━━━━━ Material supplied

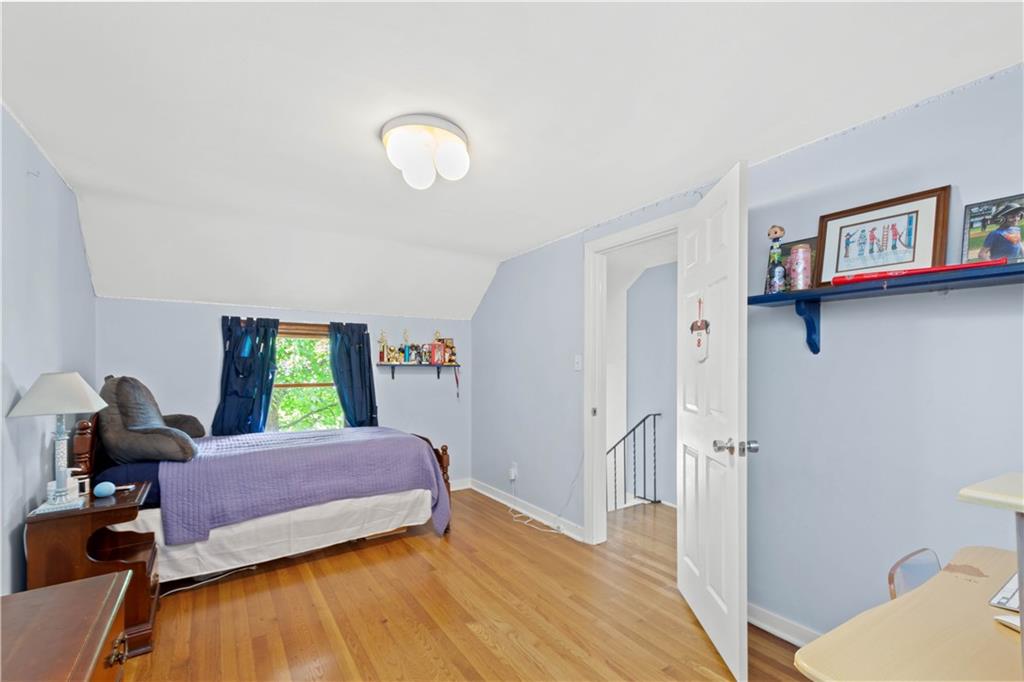 102 Conewanta Road Pittsburgh, PA 15241 - Photo 18 of 25 a bedroom with a bed and wooden floor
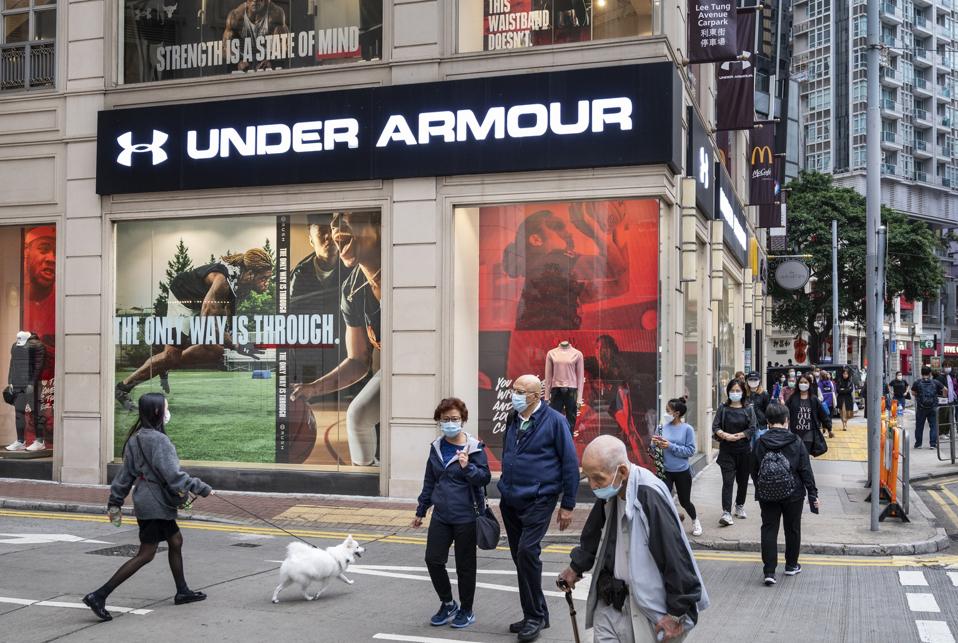 Pedestrians walk past the American multinational clothing...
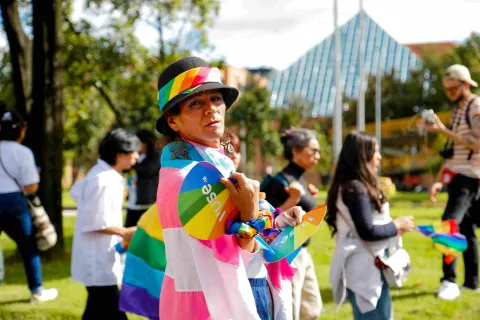 Persona en un parque durante una marcha del orgullo LGBTI+, con sombrero negro adornado con una cinta arcoíris y una bandera multicolor sobre los hombros; sostiene abanicos con colores de la diversidad mientras otras personas caminan alrededor en un ambiente soleado.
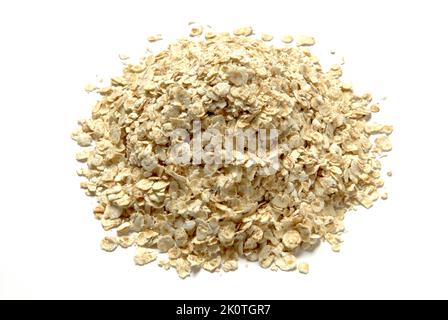 A pile of porridge oats on white background Stock Photo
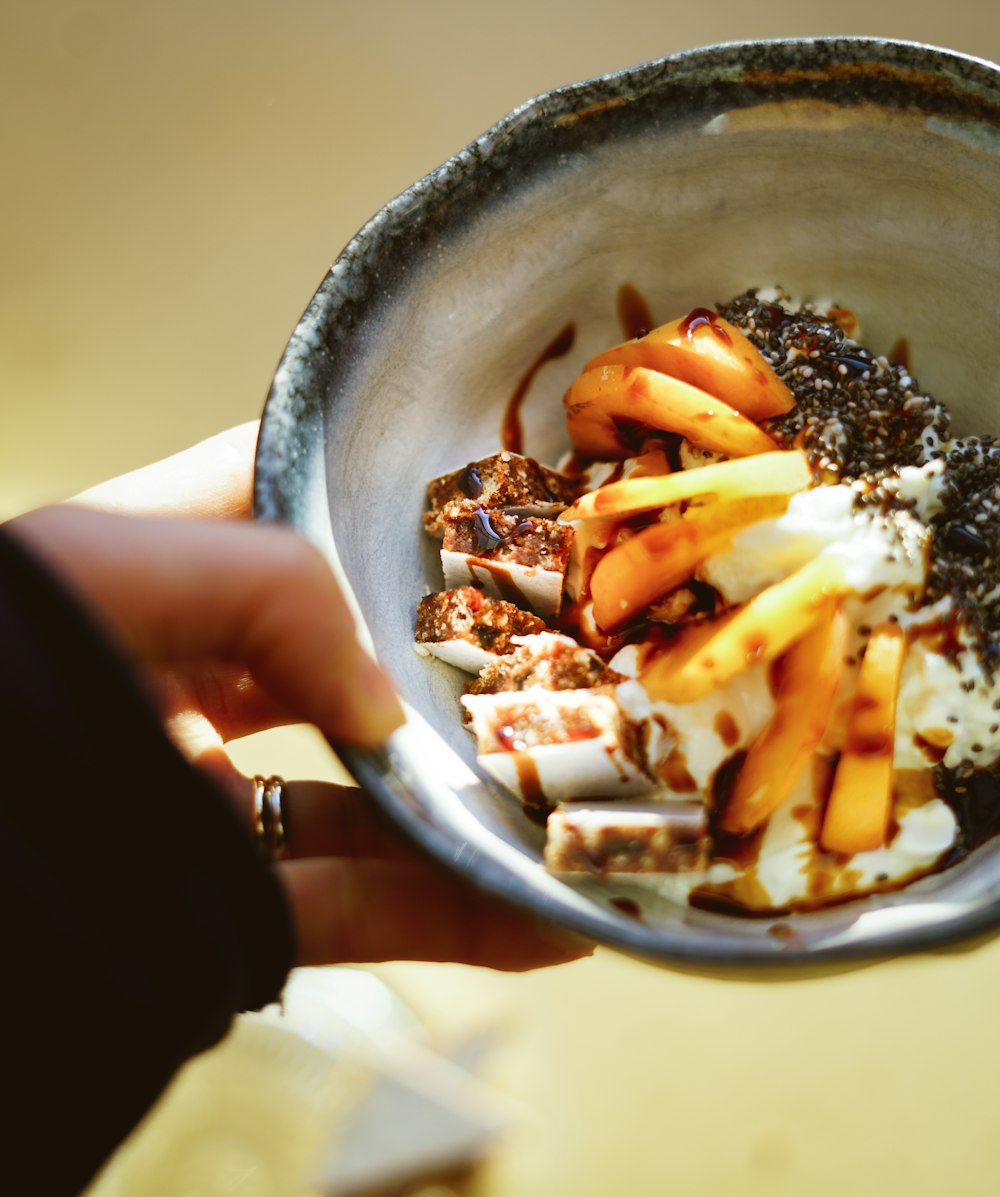 person holding stainless steel bowl with food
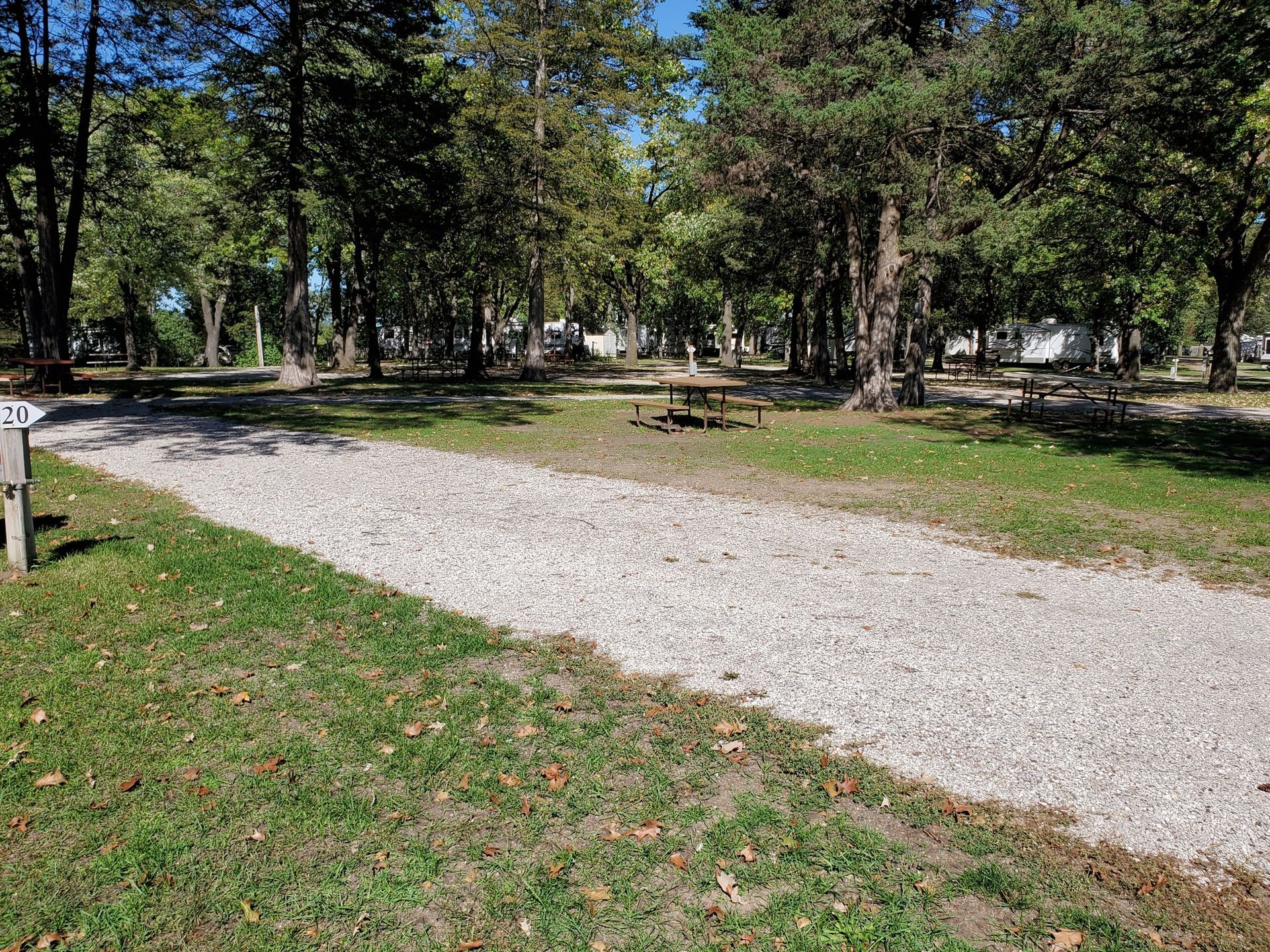A gravel road going through a park surrounded by trees and grass.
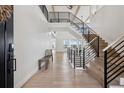Bright foyer boasts beautiful wood floors, soaring ceilings, and modern railing at 6851 Copper Sky Cir, Castle Pines, CO 80108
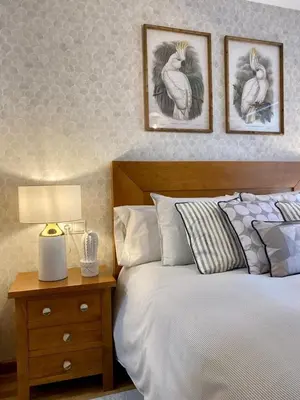 a bedroom with a bed and two pictures on the wall at Andainas G in Milladoiro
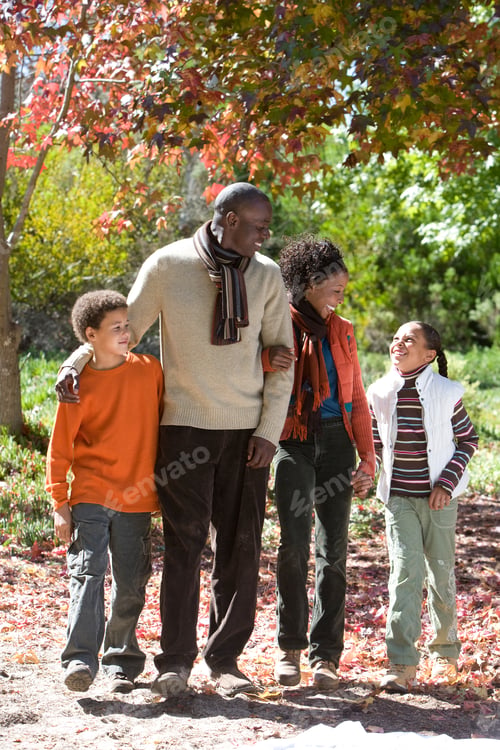 Preview: Family Walking Through Autumn Park Together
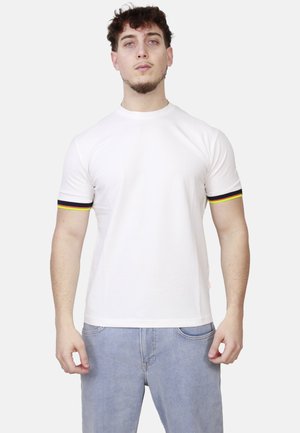Giovane uomo con capelli corti e ricci indossa una maglietta bianca con bordi neri, gialli e rossi sulle maniche e jeans azzurri su sfondo neutro.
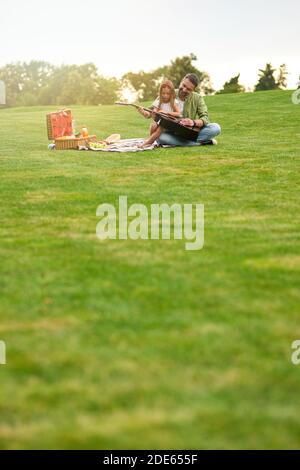 Photo pleine longueur d'une petite fille heureuse assise avec elle père aimant sur une herbe verte dans le parc et l'apprentissage comment jouer de la guitare Banque D'Images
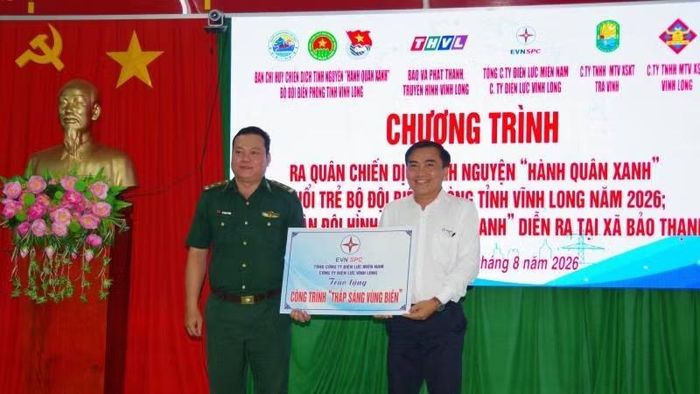Đại diện đơn vị tài trợ trao bảng tượng trưng tặng công trình "Thắp sáng vùng biên". (Ảnh: TRẦN GIỎI)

━━━━━━━━━━

#### Task:
With the pictures left out, restate word for word every line of the data above, from the first down to the line that contains "Bright foyer boasts".

#### Output for this exercise:
 102 Conewanta Road Pittsburgh, PA 15241 - Photo 18 of 25 a bedroom with a bed and wooden floor
 Pedestrians walk past the American multinational clothing...
 Persona en un parque durante una marcha del orgullo LGBTI+, con sombrero negro adornado con una cinta arcoíris y una bandera multicolor sobre los hombros; sostiene abanicos con colores de la diversidad mientras otras personas caminan alrededor en un ambiente soleado.
 A pile of porridge oats on white background Stock Photo
 person holding stainless steel bowl with food
A gravel road going through a park surrounded by trees and grass.
Bright foyer boasts beautiful wood floors, soaring ceilings, and modern railing at 6851 Copper Sky Cir, Castle Pines, CO 80108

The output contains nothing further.